01 - In a large bowl, whisk together all-purpose flour, active dry yeast, granulated sugar, and kosher salt until evenly distributed.
02 - Add warm water and melted unsalted butter to the dry ingredients; stir until a rough dough forms.
03 - Fold in shredded sharp cheddar cheese and minced garlic, mixing until fully integrated.
04 - Transfer dough to a floured surface and knead for 5–7 minutes until smooth and elastic.
05 - Place dough in a lightly oiled bowl, cover, and allow to rise in a warm area for 1 hour, or until doubled in size.

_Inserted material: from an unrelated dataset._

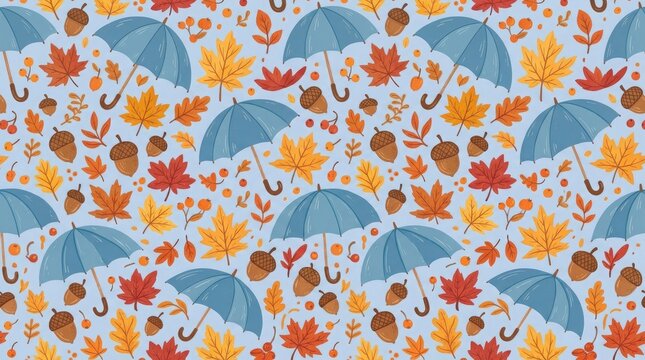 Autumn seamless pattern with umbrellas leaves and acorns for fall decor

06 - Divide the dough into 10 equal portions. Roll each into a rope about 14 inches long, then twist into a pretzel shape or desired formation.

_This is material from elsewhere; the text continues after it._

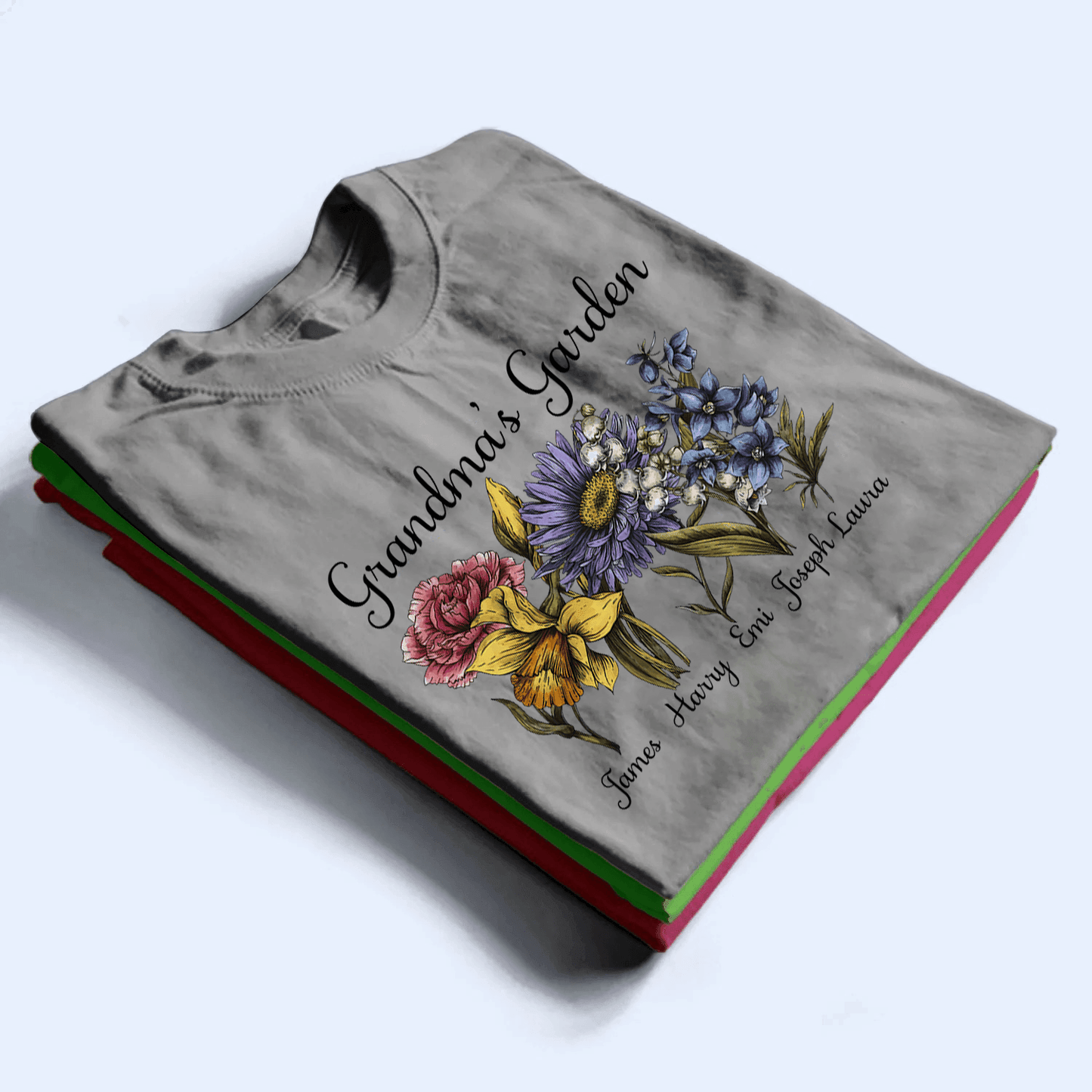 Grandma's Garden - Personalized Custom T Shirt - Birthday, Loving, Funny Gift for Grandma/Nana/Mimi, Mom, Wife, Grandparent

07 - In a wide pot, bring water and baking soda to a rolling boil.
08 - Carefully lower pretzel twists, one or two at a time, into boiling solution for 30 seconds. Remove using a slotted spatula and arrange on a parchment-lined baking sheet.
09 - Brush boiled pretzel twists with melted butter, sprinkle shredded cheddar cheese and a pinch of garlic powder on top.
10 - Bake in a preheated oven at 425°F for 13–16 minutes, or until golden brown and cheese is melted and bubbling.
11 - Transfer pretzel twists to a wire rack to cool slightly before serving warm.